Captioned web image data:
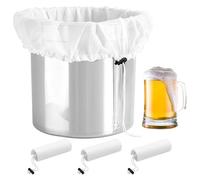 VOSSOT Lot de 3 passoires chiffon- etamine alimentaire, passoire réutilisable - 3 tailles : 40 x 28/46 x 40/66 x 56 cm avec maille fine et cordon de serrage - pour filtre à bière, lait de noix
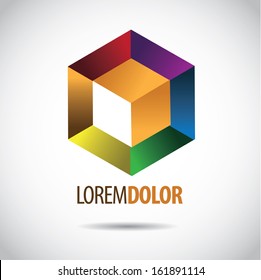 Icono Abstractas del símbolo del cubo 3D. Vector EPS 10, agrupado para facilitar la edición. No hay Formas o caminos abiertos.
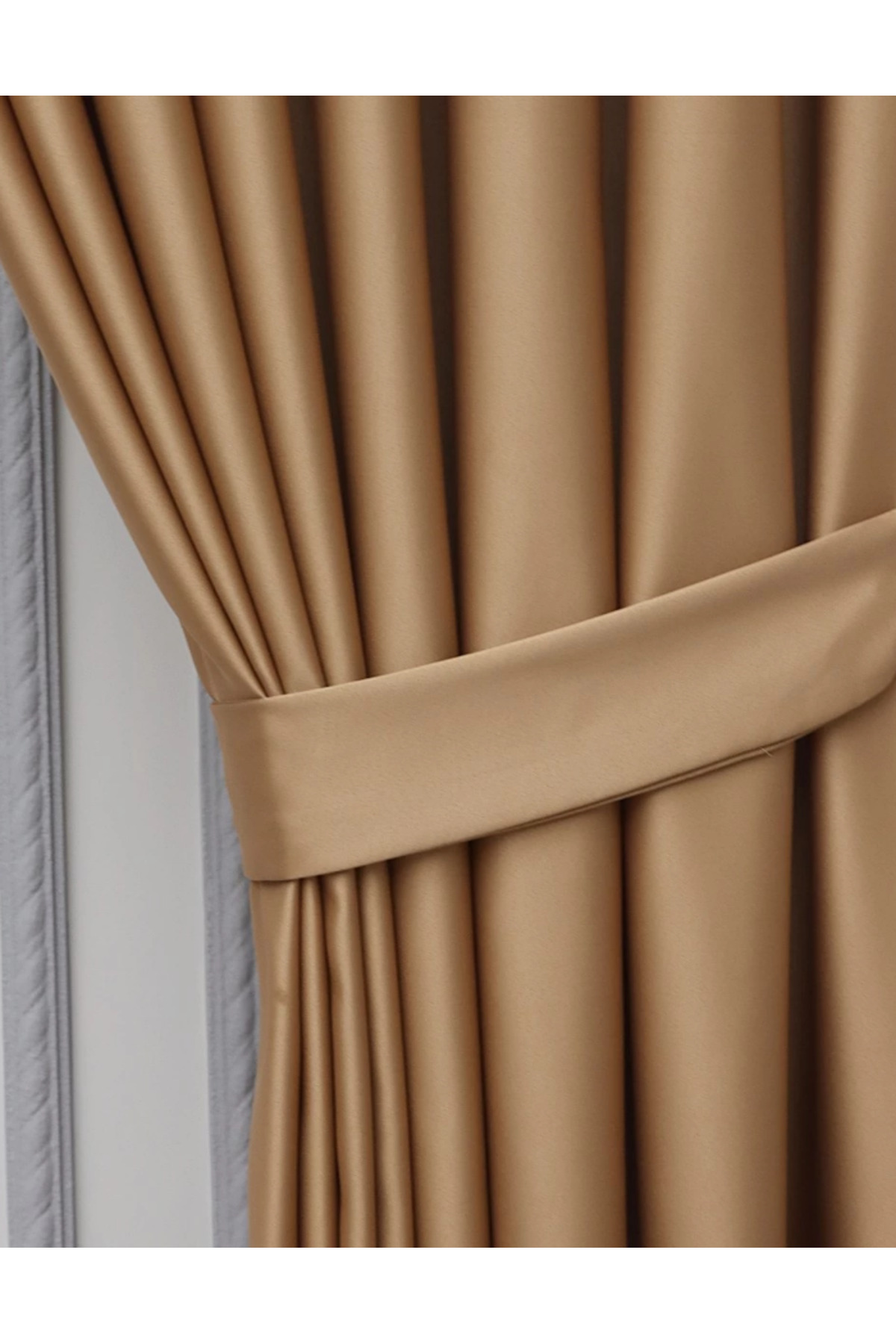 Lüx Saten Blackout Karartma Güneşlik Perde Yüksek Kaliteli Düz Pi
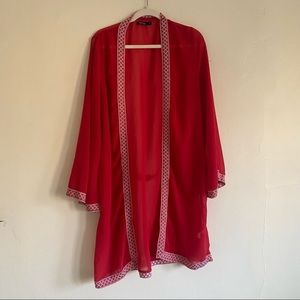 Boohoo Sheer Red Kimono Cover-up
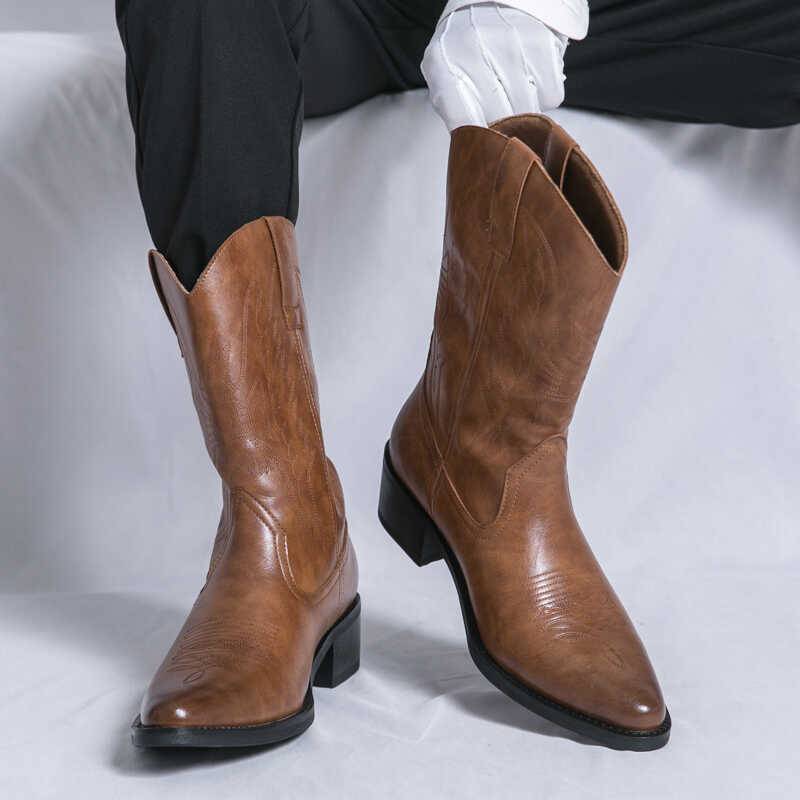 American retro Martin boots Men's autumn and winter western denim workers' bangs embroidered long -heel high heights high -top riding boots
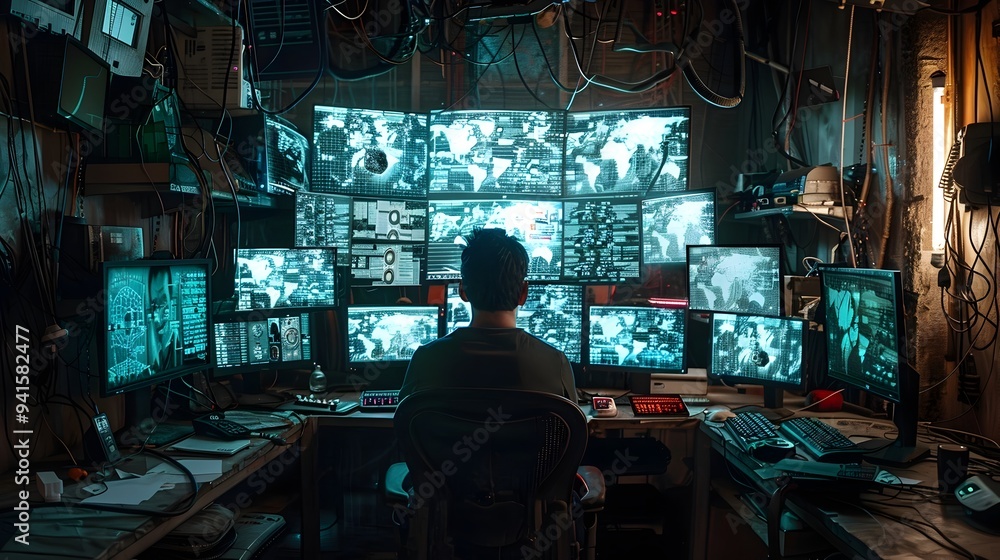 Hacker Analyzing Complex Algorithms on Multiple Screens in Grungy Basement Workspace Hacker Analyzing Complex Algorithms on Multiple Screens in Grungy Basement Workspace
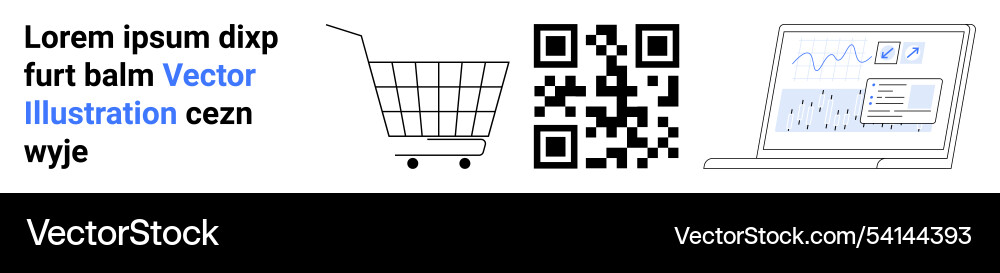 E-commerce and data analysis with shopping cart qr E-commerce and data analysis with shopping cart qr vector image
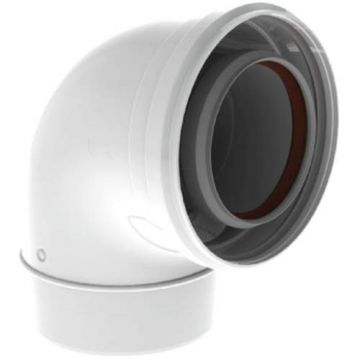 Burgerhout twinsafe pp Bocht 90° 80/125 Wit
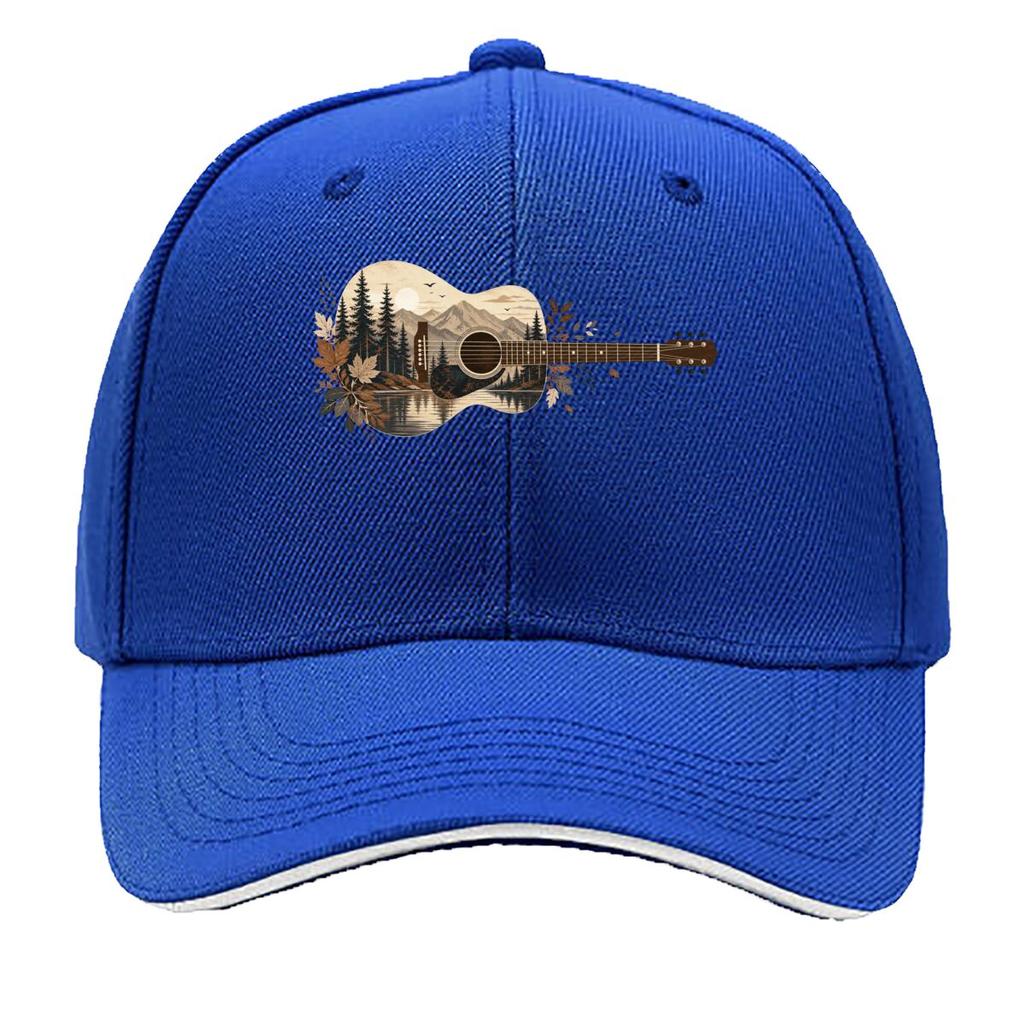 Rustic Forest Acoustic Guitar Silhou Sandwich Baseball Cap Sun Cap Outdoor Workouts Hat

Task description
Pictures are to be left out; please print the rest of the records above word for word.

Answer area
 VOSSOT Lot de 3 passoires chiffon- etamine alimentaire, passoire réutilisable - 3 tailles : 40 x 28/46 x 40/66 x 56 cm avec maille fine et cordon de serrage - pour filtre à bière, lait de noix
 Icono Abstractas del símbolo del cubo 3D. Vector EPS 10, agrupado para facilitar la edición. No hay Formas o caminos abiertos.
 Lüx Saten Blackout Karartma Güneşlik Perde Yüksek Kaliteli Düz Pi
 Boohoo Sheer Red Kimono Cover-up
 American retro Martin boots Men's autumn and winter western denim workers' bangs embroidered long -heel high heights high -top riding boots
 Hacker Analyzing Complex Algorithms on Multiple Screens in Grungy Basement Workspace Hacker Analyzing Complex Algorithms on Multiple Screens in Grungy Basement Workspace
 E-commerce and data analysis with shopping cart qr E-commerce and data analysis with shopping cart qr vector image
 Burgerhout twinsafe pp Bocht 90° 80/125 Wit
 Rustic Forest Acoustic Guitar Silhou Sandwich Baseball Cap Sun Cap Outdoor Workouts Hat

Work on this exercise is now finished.